En esto que ya retomo mi camino y llego a la cita el primero, en el centro de una plaza desolada cuando en otras ocasiones bulle de niños, rumanos jugando al ajedrez y gitanos que amenizan las tardes con canciones de la Iglesia Evangélica. Allí solo había un chico mulato, tirado en un banco, dormido, con la pala de la gorra hacia abajo para ganar oscuridad al potente sol vespertino.
Me senté a esperar a mis compañeros de viaje, tentado por Morfeo en más de una ocasión. Llegaron dos tipos de lo más quinqui que he visto en mi vida. Uno no me quitaba ojo, ni estando solo ni acompañado, más tarde. Estaba rollizo, era pelirrojo y tendría unos cuarenta años. Debía de haber tenido una lesión en la oreja, porque la llevaba vendada por entero. Su acompañante, un hombre larguirucho, llevaba una gorra marca Obey con motivos de leopardo. No tendría menos de cuarenta, tampoco. Llevaban un altavoz nada pequeño, más bien estilo loro de los 90. Seguro que ligarían muchísimo.

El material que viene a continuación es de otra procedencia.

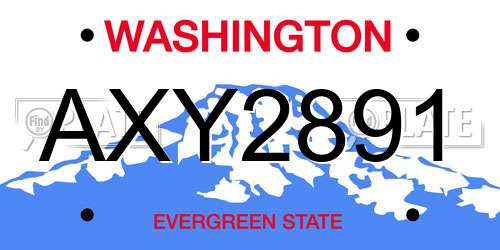 AXY2891 Washington License Plate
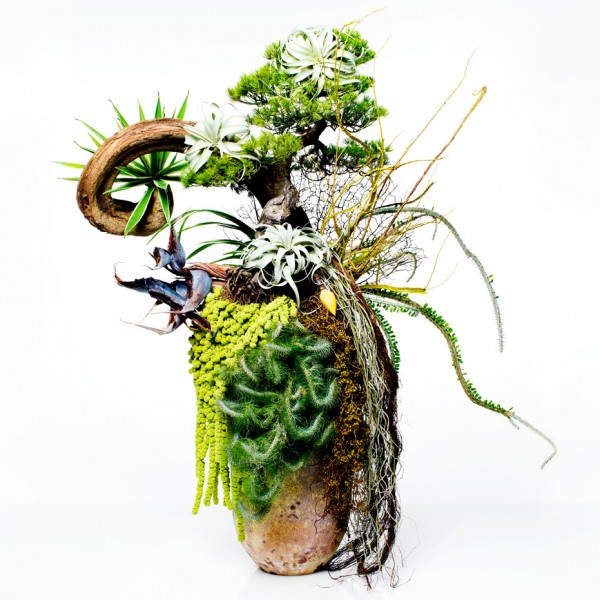 makato azuma botanical sculptures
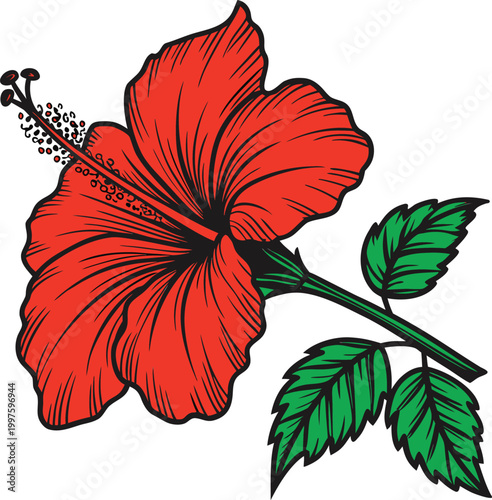 Vibrant red hibiscus flower, tropical bloom, floral illustration, vector graphic
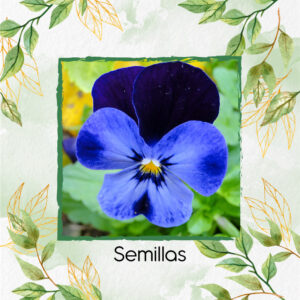Semillas Orgánicas De Flor Pensamiento Azul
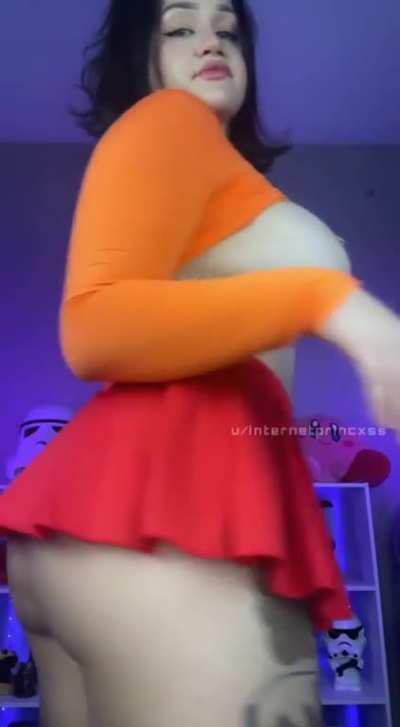 Velma wants to know if you’d breed her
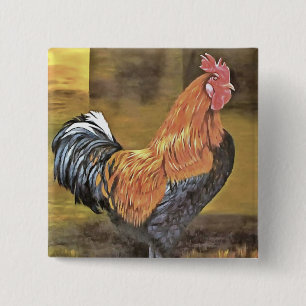 Keeping Chickens Farmyard Rooster Art  15 Cm Square Badge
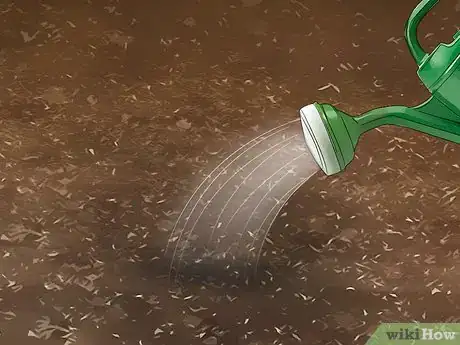 Image titled Grow Tiger Lilies Step 7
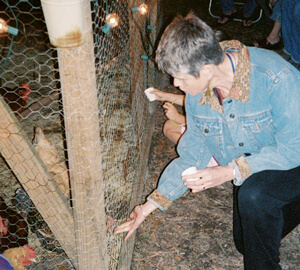 Allison O. Adams, A guest visits with the chickens at the first Cluckapalooza, Decatur, Georgia, September 2004. Allison O. Adams, A guest visits with the chickens at the first Cluckapalooza, Decatur, Georgia, September 2004.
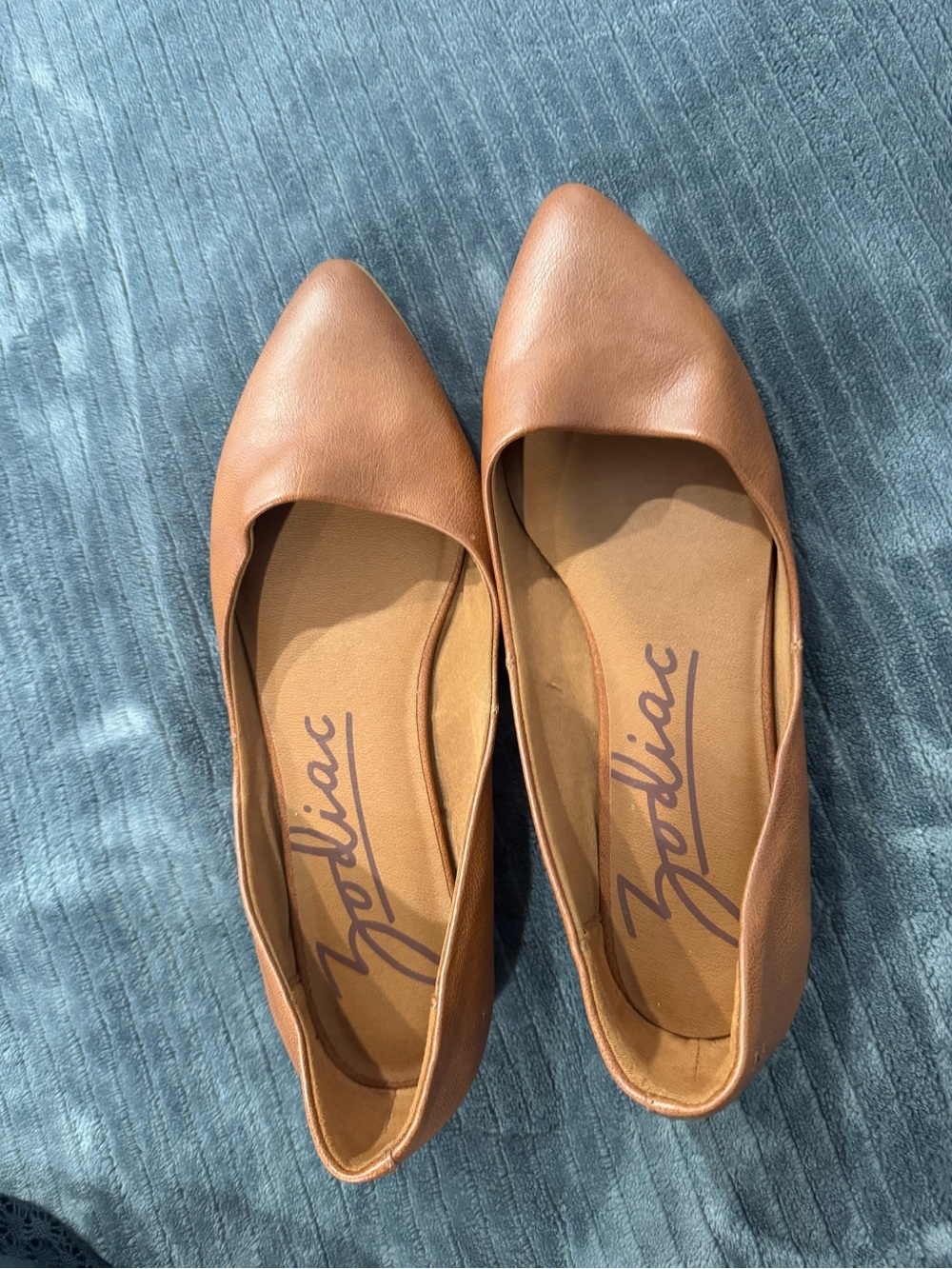 Zodiac Cognac Pointed-Toe Ballet Flats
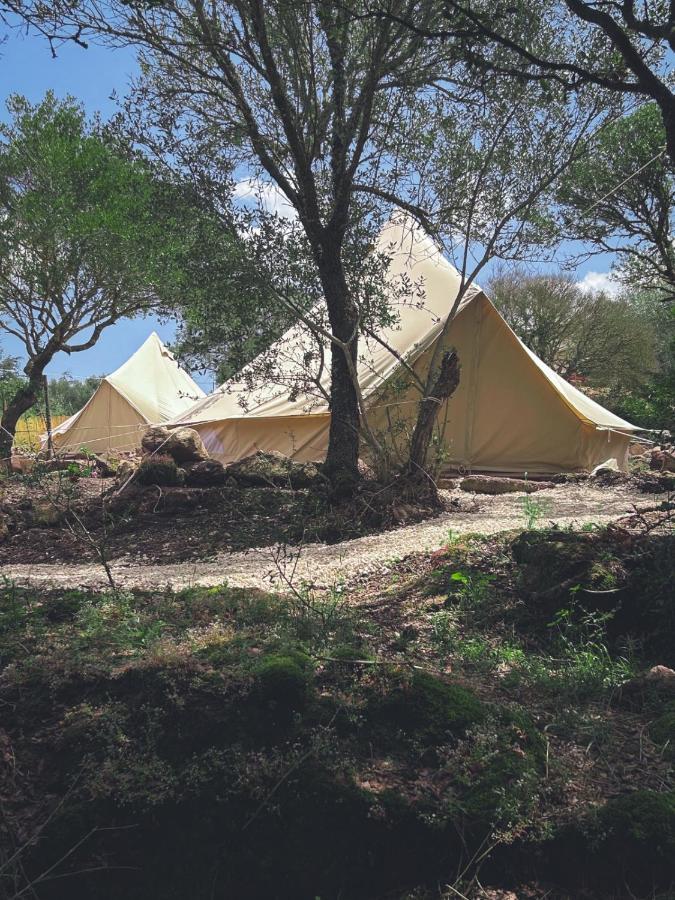 Hotel Pasare Glamping_Anglonaruralexperience Perfugas Exteriér fotografie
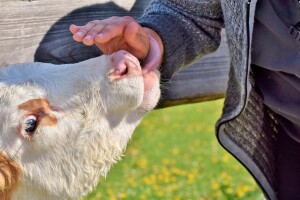 HPK bira najuspješnije projekte financirane mjerama iz Programa ruralnog razvoja
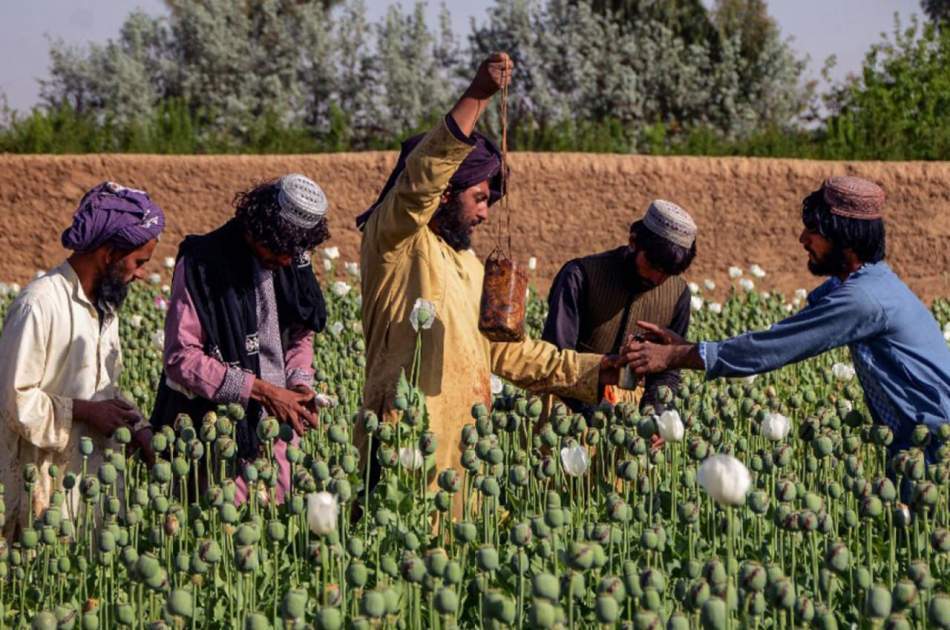 The main channels of buying and selling drugs are located outside the borders of Afghanistan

Mis amigos fueron llegando y paulatinamente la plaza empezó a llenarse de muchachos con la camiseta que la agencia regalaba para el viaje, mochilas repletas de bebida y novios que supervisaban que ningún gachó empezase la fiesta antes de tiempo. Se despedían como si aquellas mujeres en shorts y en camiseta apretada para realzar una turgente pechera se fuesen a la guerra del Líbano. Montamos en el autobús y, con retraso, partimos hacia Pamplona.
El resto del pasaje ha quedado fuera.